From: Dan Connolly <connolly@w3.org>
Date: 28 Jun 2002 01:53:12 -0500
To: pat hayes <phayes@ai.uwf.edu>
Cc: w3c-rdfcore-wg@w3.org
Message-Id: <1025247193.22162.212.camel@dirk>

In sum: I don't see any new information that motivates
re-opening the issue, though I do agree with pretty
much all of this. I do have a suggestion for how
to handle some specifics of literals in the
model theory.

With apologies for piping up in this thread but
not in
  # Bad job on literals? Sergey Melnik (Tue, May 21 2002)

on to the details:

On Thu, 2002-06-27 at 13:23, pat hayes wrote:
> Apologies to all for reopening this business, but Ive been descending 
> into a black hole on this issue since the F2F. I really, really do 
> not like the situation we seem to be in here regarding literals, for 
> a whole lot of reasons. This message tries to enumerate them and to 
> suggest a possible solution. I know this has been done before and 
> apologize in advance for missing the obvious objections that have 
> probably already been raised.
> Summary: literals ought to be strings, not 3-tuples. To achieve this, 
> literals should be allowed in subject position. If we do this, a 
> number of issues are clarified and the overall design of the language 
> is rationalized and simplified, at almost no cost. Also, 
> datastructuring suddenly gets easier.

That's my preference as well... I elaborated in:

  parseType="Literal" as syntactic sugar for infoset description
  From: Dan Connolly (connolly@w3.org)
  Date: Wed, Oct 10 2001
  http://lists.w3.org/Archives/Public/w3c-rdfcore-wg/2001Oct/0153.html )

But I have come to grudgingly accept the status quo; let
me explain how I look at it; maybe you'll find it
acceptable too, then...

> --------
> First let me summarize my understanding of the current state of play.
> 1. Literals are not strings.

You keep saying that, but what if you say: Literals are,
sometimes, strings.
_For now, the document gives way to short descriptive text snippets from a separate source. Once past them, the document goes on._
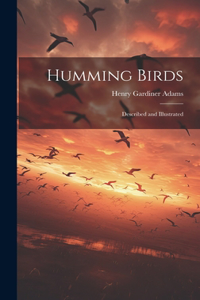Humming Birds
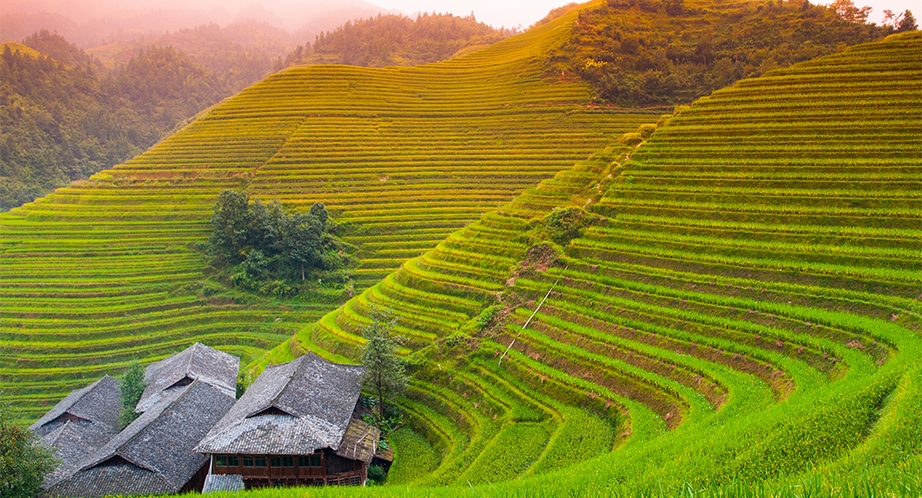 932-sapa-vietnam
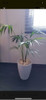 Palmera Kentia C/maceta 5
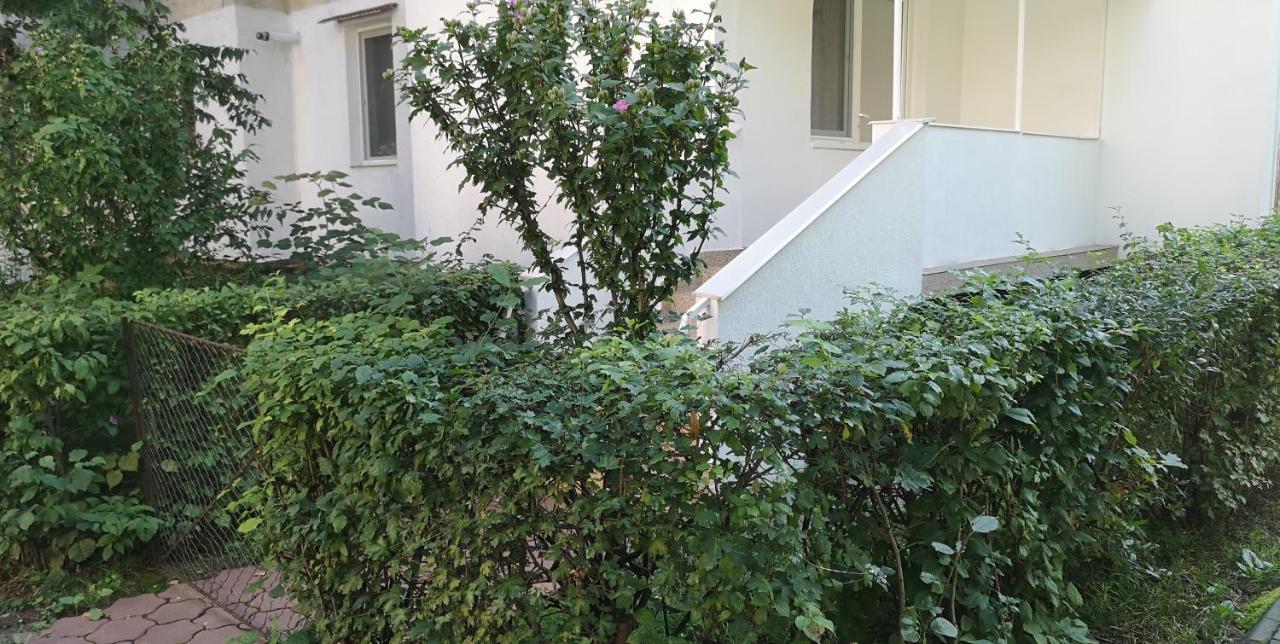 Diamond Apartment Târgu-Mureş Dış mekan fotoğraf
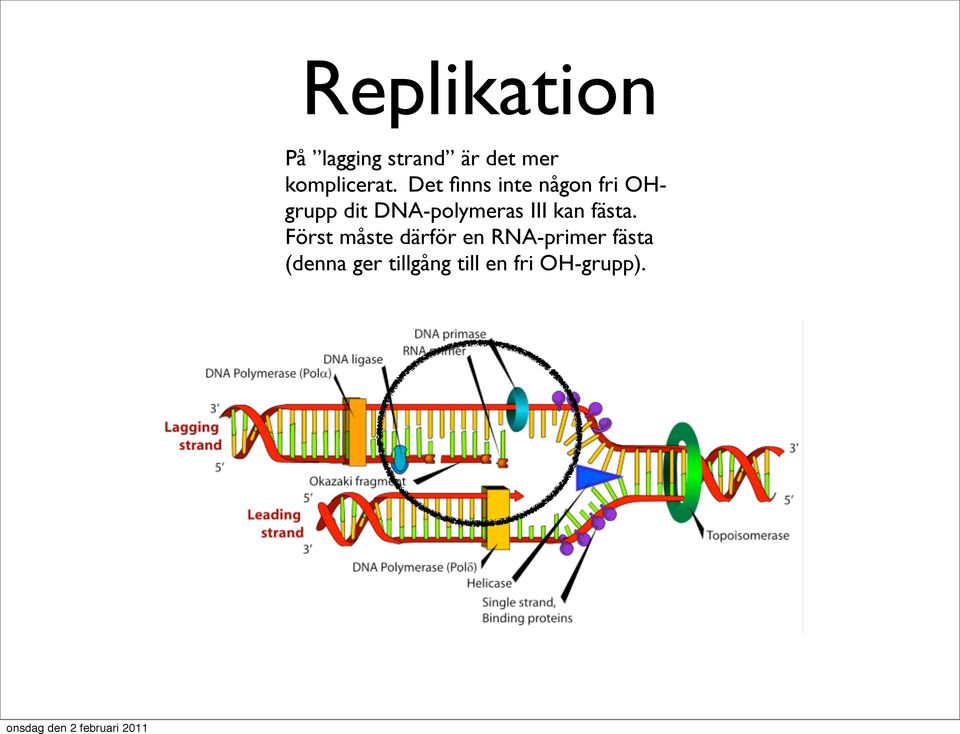 Det finns inte någon fri OHgrupp dit DNA-polymeras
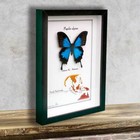 Papilio Ulysses Ulysses-real Mounted Butterfly In Frame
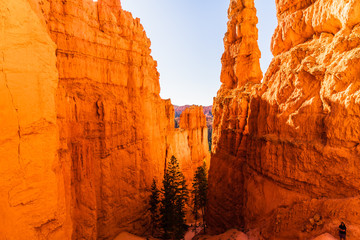 Beautiful Bryce Canyon in Utah USA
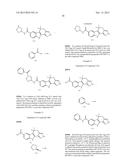 HEPATITIS C INHIBITOR COMPOUNDS diagram and image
Sometimes they're not.

Think of Literal as a union of
String, String X Lang, XML-thing, XML-thing X Lang.
(XML-things happen to have string serializations)

Or think of String as a subsort of Literal,
if sorted logics is an appealing analogy...

> 2. Literals are 3-tuples, consisting of a bit and two strings, the 
> second of which is an XML lang tag.
> There are some constraints on these three parts of a literal.
> 3. If the bit is set (Im not sure if that is a one or a zero) then 
> the second string is required to be well-formed XML. 
> 4. If the bit is set, then the lang tag is understood to be the lang 
> tag of the second string.
> 5. If the bit is not set, then the lang tag is understood to indicate 
> that the second string is an expression of that language.

The lang tag works the same way whether the bit is set or not:
it's just an optional language tag.

> This has some curious consequences.
> First, (3) has the consequence that any RDF engine must include an 
> XML parser, even if it is not expected to parse RDF/XML.

Yes, this is very unaesthetic, to me.

> The graph 
> syntax has all of XML syntax incorporated into it. This seems to me 
> to be the most serious problem. Under these circumstances it hardly 
> seems worth having the graph syntax: it would be better to just 
> identify RDF with RDF/XML and stop pretending.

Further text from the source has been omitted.